In the build-up to today’s monetary policy meeting of the European Central Bank, the euro sunk to a two-year low against the dollar of 1.2280, depressed not by market expectations of change at the meeting itself but by expectations that the central bank’s President Mario Draghi would provide clarity in his press conference on what additional stimulus measures lie in store for the eurozone.
By Peter Martin
Friday, December 5, 2014
As expected, the ECB kept rates unchanged and Mr Draghi did deliver a dovish speech, but the hints he dropped about what action the ECB might take were not as strong as some had hoped, meaning full-blown QE looked no more likely than before. While re-iterating the Governing Council’s unanimous commitment to employ ‘additional unconventional instruments within its mandate’ should it prove necessary on account of low inflation, Mr Draghi promised only to re-assess the situation early next year, falling short of addressing the key issue of whether there is sufficient will amongst the Council to push ahead with buying government bonds. By early afternoon in New York, EUR/USD was up 0.49% at 1.2371, having pushed as high as 1.2456 in the aftermath of Mr Draghi’s speech.
Paring of the euro’s gains was sparked by a further kink in the QE debate, after Bloomberg broke a story that the ECB will be considering broad-based asset purchases, including sovereign debt, at its January meeting. This story also appeared to provide a shot in the arm to the stock market, helping the leading blue-chip stock indices to turn around and push into positive territory. By early afternoon on Wall Street, the Dow Jones was up 0.02% or 3 points at 17,916, having been close to a hundred points in the red at one stage.

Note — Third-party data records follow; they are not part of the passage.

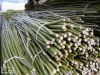 Plantare salcie energetica 1 Plantare salcie energetica 1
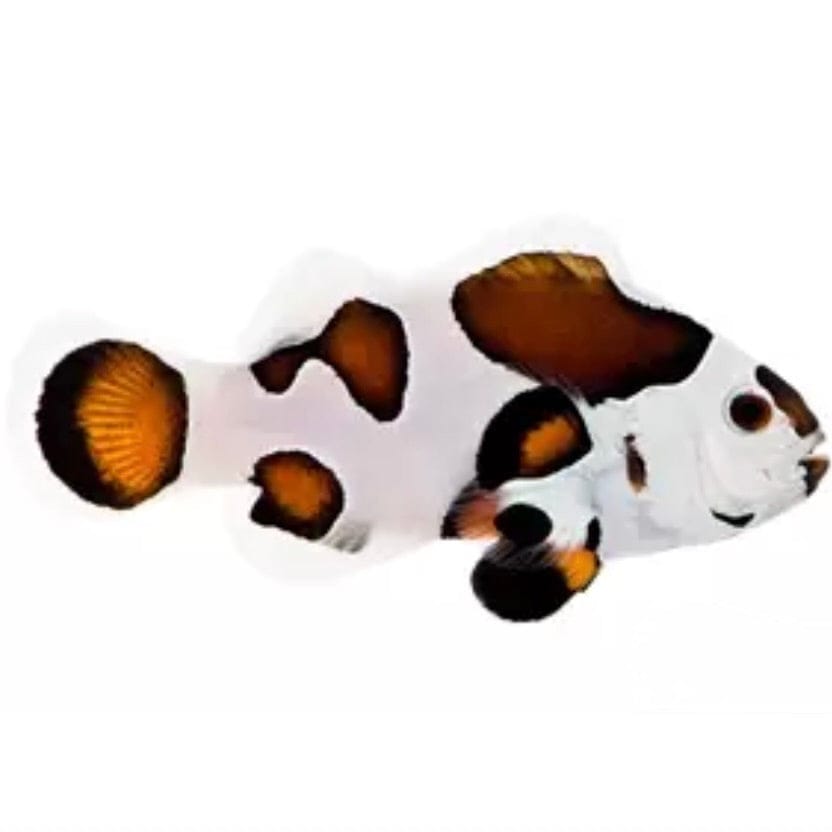 Mocha Storm Clownfish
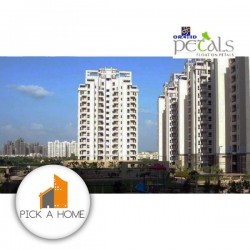 ORCHID PETALS   gallery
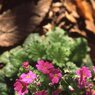さくら草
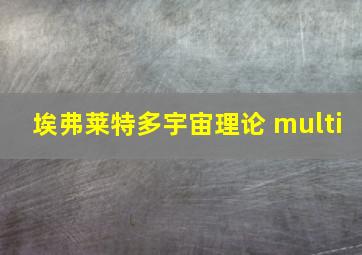 埃弗莱特多宇宙理论 multi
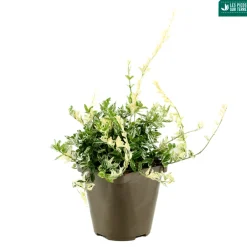 Truffaut Arbres Et Arbustes|Plantes De Haies | - Euonymus fortunei 'Harlequin' : pot 3L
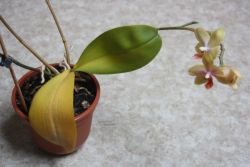 proč orchidej změní na žlutou barvu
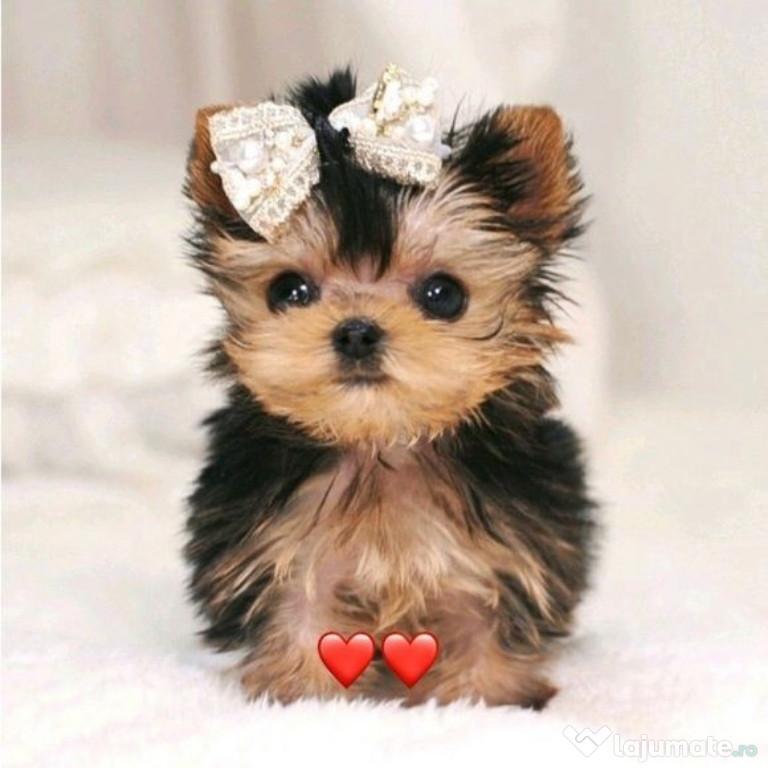 Yorkshire terrier mini toy trecupe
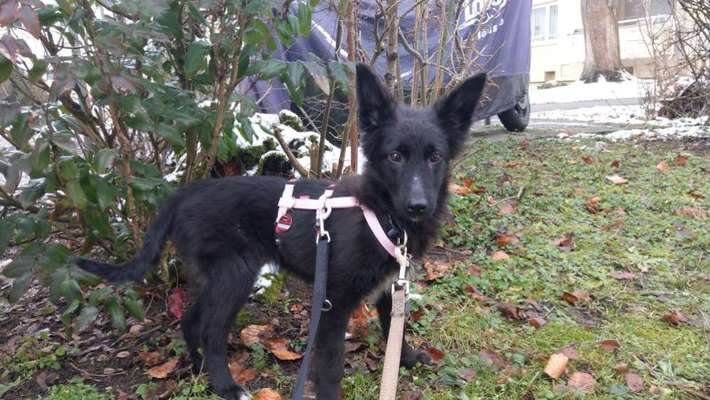 Welpen Bilder !-Beitrag-Bild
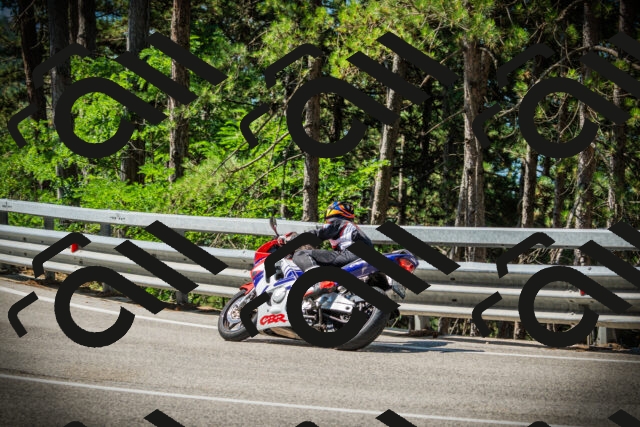 202507191033-DSC02873_c1_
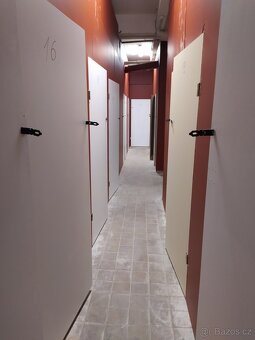 SLADOVACI KOJI PLZEN. - 7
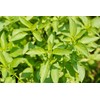 Mrs Burns Lemon Basil Lao Hoary Kemangi Maenglak Premium Seeds for Planting Packet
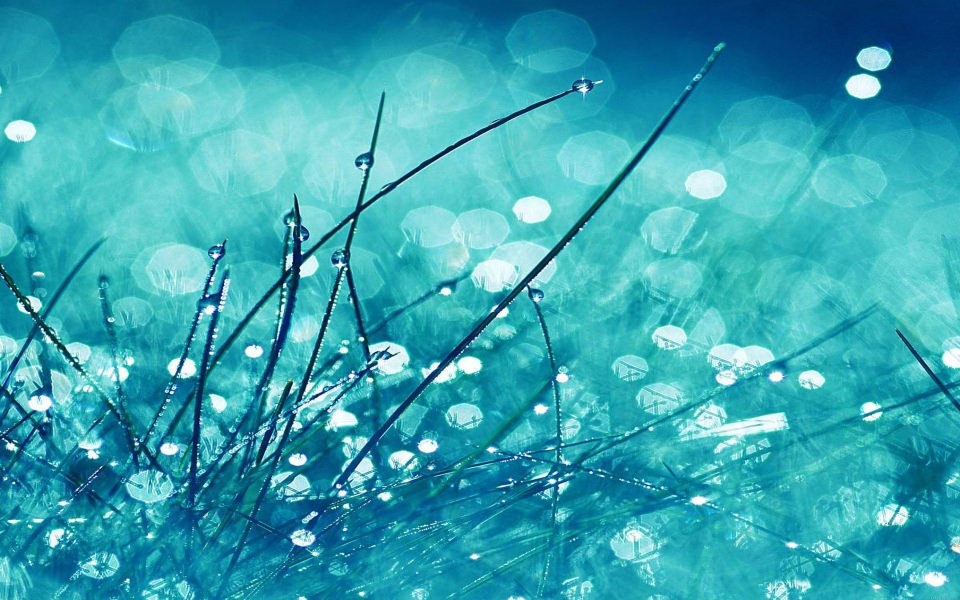 Download Blue Rain On Grass Blades wallpaper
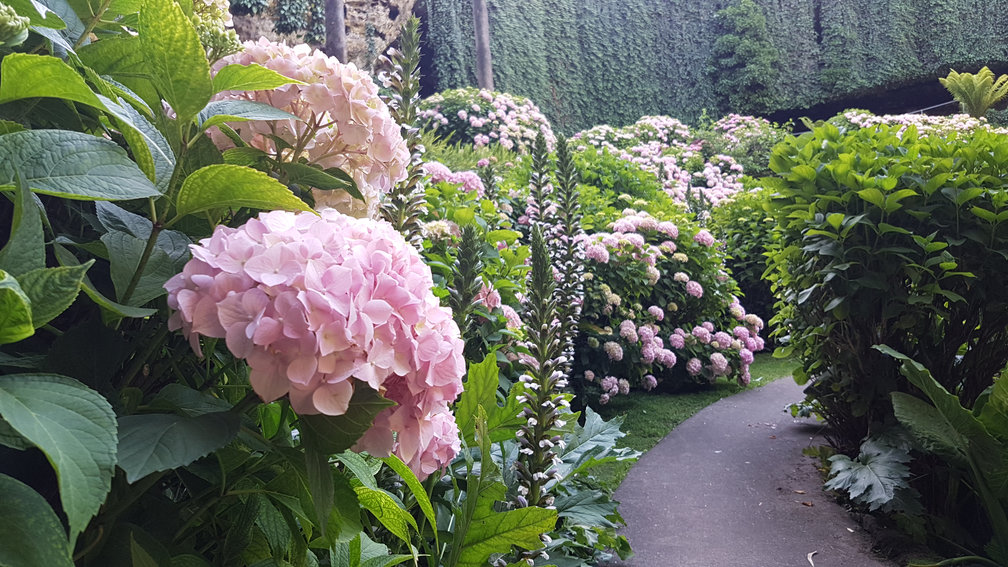 A view of the hydrangeas and other plants in Umpherston Sinkhole.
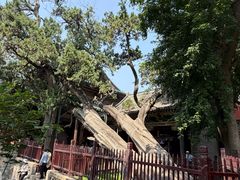 -晋祠博物馆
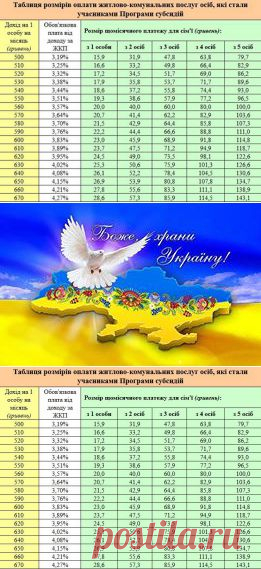 (101) Страницы
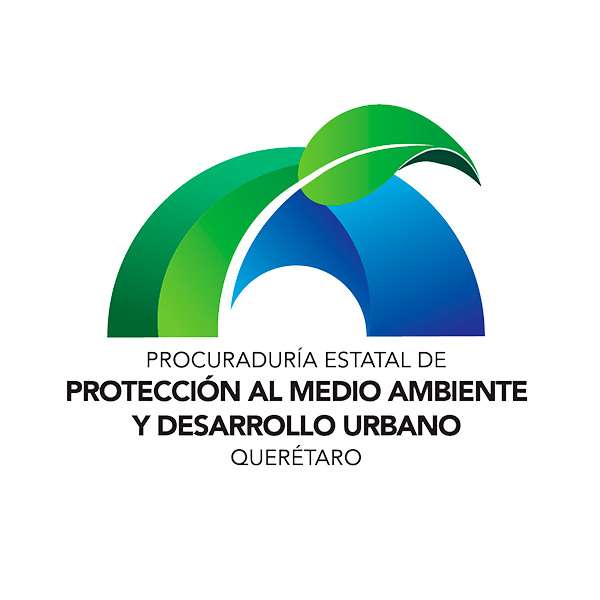 Tú Puedes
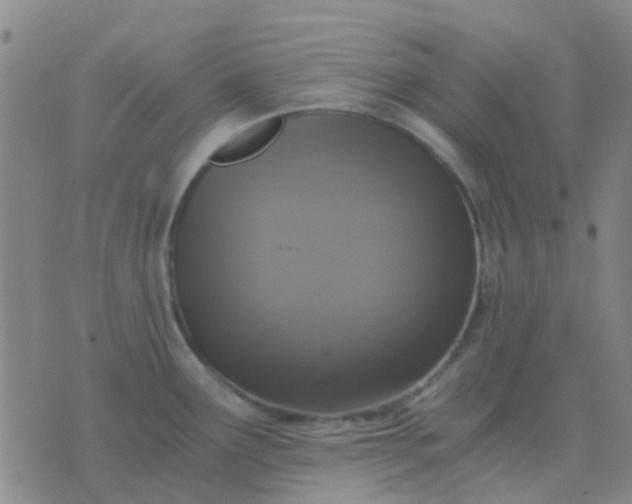 X0000076391291200610202055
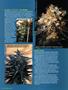 Page: - 112 | High Times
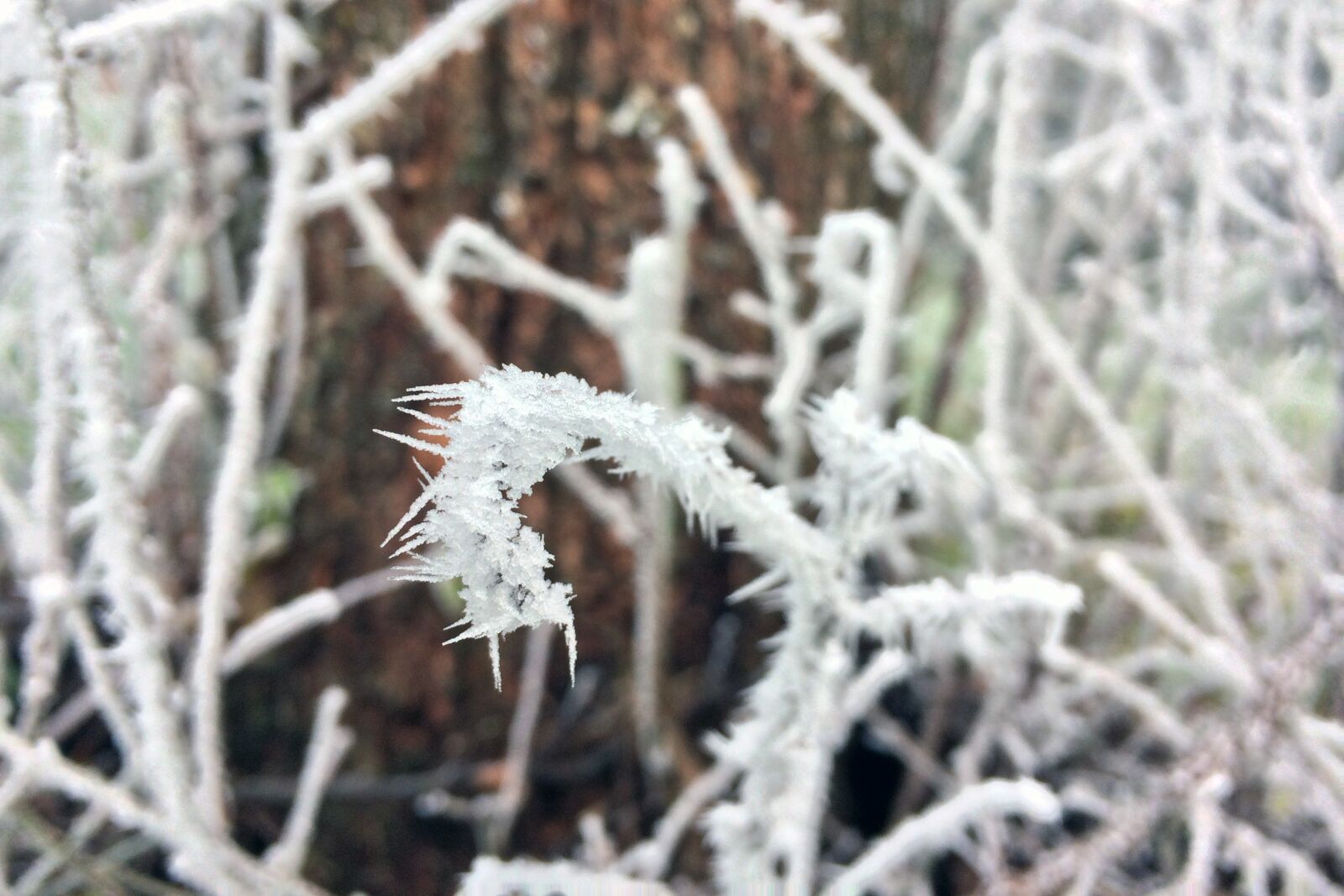 iPhone 5s back camera 4.15mm f/2.2 sample photo. Frost, aesthetic, cold photography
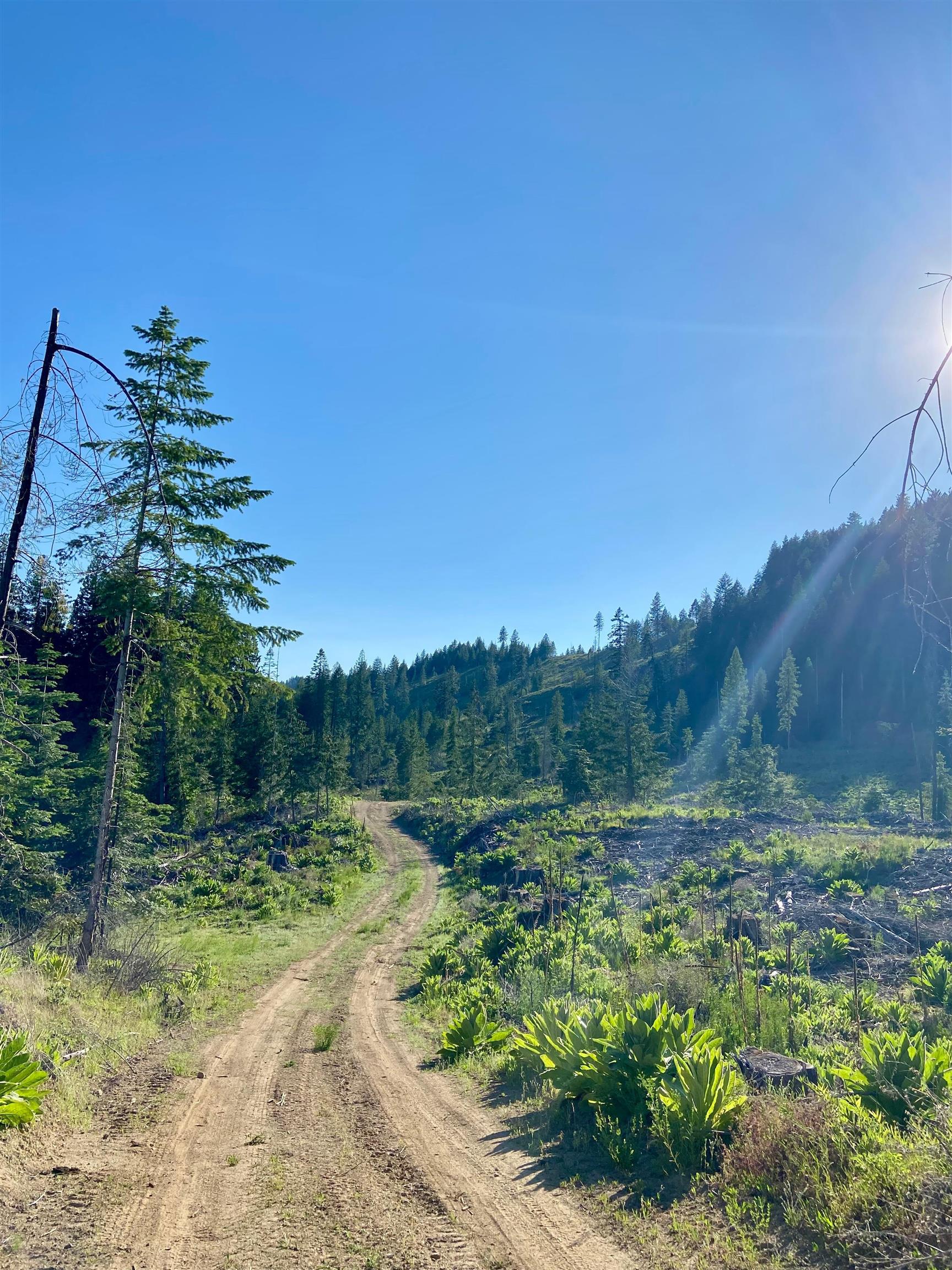 TBD Buck Creek Rd - Photo 49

Some reassurance about the health of the labor market was provided today with the latest jobless claims data from the Department of Labor showing a 17,000 drop in initial claims last week to 297,000. This was broadly in line with expectations, but will help confidence coming after the previous week’s hefty increase of 22,000, with that number now looking like more of an outlier rather than the start of a worrying trend. The size of that upward spike is still enough to adversely affect the four-week moving average, which creeps up to 299,000 from the week prior’s 294,250. Nevertheless, today’s data will likely soothe nerves ahead of tomorrow’s crucial Employment Situation report for November. Non-farm payrolls rose 214,000 in October, easing somewhat after September’s bumper addition of 256,000. The consensus estimate is for payrolls to have grown by 230,000 in November, with the unemployment rate holding steady at 5.8%. The Employment Situation for November is released at 08.30 ET on Friday.